Off-Broadway Review: “Three Houses” at Signature Theatre’s Linney Theatre (Closed on Sunday, June 9, 2024)

Off-Broadway Review: “Three Houses” at Signature Theatre’s Linney Theatre (Closed on Sunday, June 9, 2024)
Music, Lyrics, Book, and Orchestrations by Dave Malloy
Directed and Choreographed by Annie Tippe
Reviewed by David Roberts
Theatre Reviews Limited

Dave Malloy’s “Three Houses currently running at Signature Theatre’s Linney Theater is a retelling/interpretation of the classic fairy tales “The Three Little Pigs” and “Red Riding Hood” (among other cautionary folklore narratives) in which The Big Bad Wolf appears.

Stand-ins for Little Red Riding Hood and those Three Little Pigs are Susan (a manic and hedonistic Margo Seibert), Sadie (a bubbly and obsessive Mia Park), and the aptly named Beckett (an intense and shattered J.D. Mollison) who are isolated from civilization during the 2020 COVID-19 pandemic.

Susan had just separated from her husband and has “fled to the Baltics alone in a new home: [her] grandmama’s giant ranch house in the middle of a white forest in Latvia.” Sadie “had just separated from [her] girlfriend and had fled to the desert. [She] was alone in a new home: a midcentury adobe house in a valley outside Taos, New Mexico.” Beckett had just split up with Jackie and had hopes for renewal in his “little Utah-shaped room in the basement of a butcher shop/one little window/looking out on a graveyard.”

At the beginning of “Three Houses,” the GenY/GenZ trio find themselves somewhere in a dimly lit cocktail bar decorated with items that will be part of their individual stories. The bartender (a wolfish Scott Stangland) serves drinks and emcees the storytelling fantasy. He might be a bit grandmotherly in mein and appears later as the infamous wolf at the door – big and bad.

The three post-COVID 19 lockdown stories are heartfelt and often sorrowful. They start with where Susan, Mia, and Beckett came from and how they arrived at their lockdown houses, and what they left behind. There are ancestors in each story, grandparents who nurtured, parents and grandparents who might have clues to their progeny’s present angst. Beckett thinks of “parents and grandparents, every branch along the tree. trying to trace the tumor that ended up in me.”

Overall, the three stories of the three houses are extended metaphors that are replete with allusions to the canon of surrealist and absurdist literature skillfully woven through each narrative. Susan’s narrative captures the angst shared with Mia and Beckett. In the “wolf dance,” the grandparents urge their grandchildren to dance with the wolf that is their collective demons.

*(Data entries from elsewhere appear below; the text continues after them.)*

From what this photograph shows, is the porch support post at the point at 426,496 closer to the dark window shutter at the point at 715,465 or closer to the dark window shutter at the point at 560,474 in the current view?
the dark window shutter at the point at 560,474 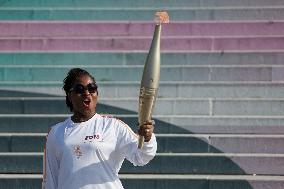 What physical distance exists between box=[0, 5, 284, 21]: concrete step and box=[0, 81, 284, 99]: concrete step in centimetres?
220

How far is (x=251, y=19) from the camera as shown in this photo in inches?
436

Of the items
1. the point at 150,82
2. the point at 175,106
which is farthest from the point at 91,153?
the point at 175,106

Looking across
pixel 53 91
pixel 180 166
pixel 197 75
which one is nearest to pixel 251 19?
pixel 197 75

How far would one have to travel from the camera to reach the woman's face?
4.05 meters

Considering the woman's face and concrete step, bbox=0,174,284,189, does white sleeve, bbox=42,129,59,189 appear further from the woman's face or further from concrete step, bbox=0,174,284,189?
concrete step, bbox=0,174,284,189

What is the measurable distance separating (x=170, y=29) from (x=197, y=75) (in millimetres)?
1491

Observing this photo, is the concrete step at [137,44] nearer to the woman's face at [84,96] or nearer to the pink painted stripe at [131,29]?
the pink painted stripe at [131,29]

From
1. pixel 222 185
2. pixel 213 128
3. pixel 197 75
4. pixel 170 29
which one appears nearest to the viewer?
pixel 222 185

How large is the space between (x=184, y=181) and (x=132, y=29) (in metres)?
4.08

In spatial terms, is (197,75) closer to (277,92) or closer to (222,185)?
(277,92)

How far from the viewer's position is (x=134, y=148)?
4.00 metres

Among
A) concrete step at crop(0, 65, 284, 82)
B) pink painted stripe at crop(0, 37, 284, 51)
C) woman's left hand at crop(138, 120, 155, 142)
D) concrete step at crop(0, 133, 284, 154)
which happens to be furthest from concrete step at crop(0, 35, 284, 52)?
woman's left hand at crop(138, 120, 155, 142)

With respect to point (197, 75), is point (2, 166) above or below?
below

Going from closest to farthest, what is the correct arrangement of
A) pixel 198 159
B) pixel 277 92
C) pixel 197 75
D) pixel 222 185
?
pixel 222 185 < pixel 198 159 < pixel 277 92 < pixel 197 75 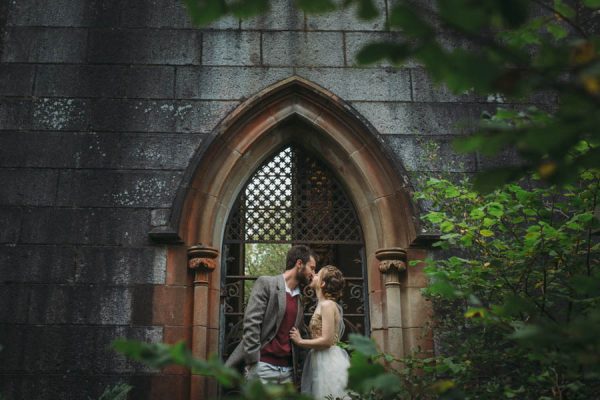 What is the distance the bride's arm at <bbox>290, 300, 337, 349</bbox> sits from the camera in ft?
14.0

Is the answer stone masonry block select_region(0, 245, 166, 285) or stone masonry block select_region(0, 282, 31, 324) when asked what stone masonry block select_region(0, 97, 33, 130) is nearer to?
stone masonry block select_region(0, 245, 166, 285)

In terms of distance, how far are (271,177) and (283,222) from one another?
44 cm

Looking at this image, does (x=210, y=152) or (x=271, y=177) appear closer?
(x=210, y=152)

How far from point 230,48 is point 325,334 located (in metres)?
2.80

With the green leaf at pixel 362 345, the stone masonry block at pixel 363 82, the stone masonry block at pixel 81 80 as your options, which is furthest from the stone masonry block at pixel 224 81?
the green leaf at pixel 362 345

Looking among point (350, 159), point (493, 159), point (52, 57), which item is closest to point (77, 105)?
point (52, 57)

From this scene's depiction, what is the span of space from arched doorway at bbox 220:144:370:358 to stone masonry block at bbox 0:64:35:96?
2.08 m

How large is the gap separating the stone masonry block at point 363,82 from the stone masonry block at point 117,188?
5.00 ft

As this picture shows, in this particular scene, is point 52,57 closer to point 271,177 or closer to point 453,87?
point 271,177

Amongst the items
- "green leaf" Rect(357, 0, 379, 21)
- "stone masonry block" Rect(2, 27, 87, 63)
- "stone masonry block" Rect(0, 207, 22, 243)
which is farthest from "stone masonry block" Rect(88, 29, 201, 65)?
"green leaf" Rect(357, 0, 379, 21)

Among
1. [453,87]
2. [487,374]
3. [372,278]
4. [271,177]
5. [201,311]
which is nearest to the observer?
[453,87]

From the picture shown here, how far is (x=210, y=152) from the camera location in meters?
5.41

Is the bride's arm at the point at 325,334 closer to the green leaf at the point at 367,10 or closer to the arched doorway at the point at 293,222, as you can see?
the arched doorway at the point at 293,222

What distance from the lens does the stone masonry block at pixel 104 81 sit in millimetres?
5594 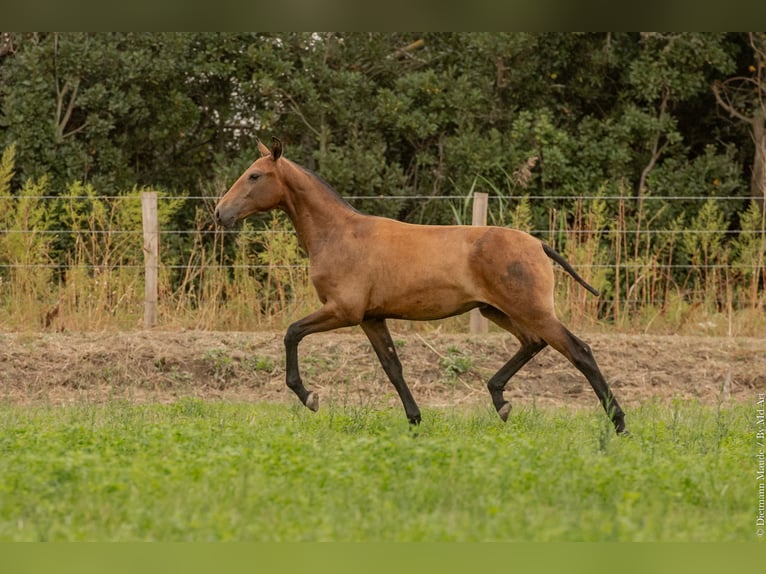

The “moral of the story” (all fables have morals) is that everyone must at some point face their inner demons. The fear the three experienced during the lockdown is ultimately fear of their own past, present, and future. And unless those demons/wolves are reckoned with, they may “fester and fascinate, else he may snag you and eat you alive.” Both grandparents also admonish their younger selves to “dance with the wolf. scratch his chinny chin chin” because “because this is who you are. it will never go away.” Henry Stram and Ching Valdes-Aran shine as the three pairs of grandparents and assorted other characters.

Dave Malloy’s storytelling is rich with literary tropes and his characters are engaging and authentic. He uses the fable and canon of surrealist and absurdist literature carefully and respectfully. Not all playwrights can successfully navigate those genres and weave a narrative that is as important as “Three Houses.” Annie Tippe’s direction is serviceable and fluid.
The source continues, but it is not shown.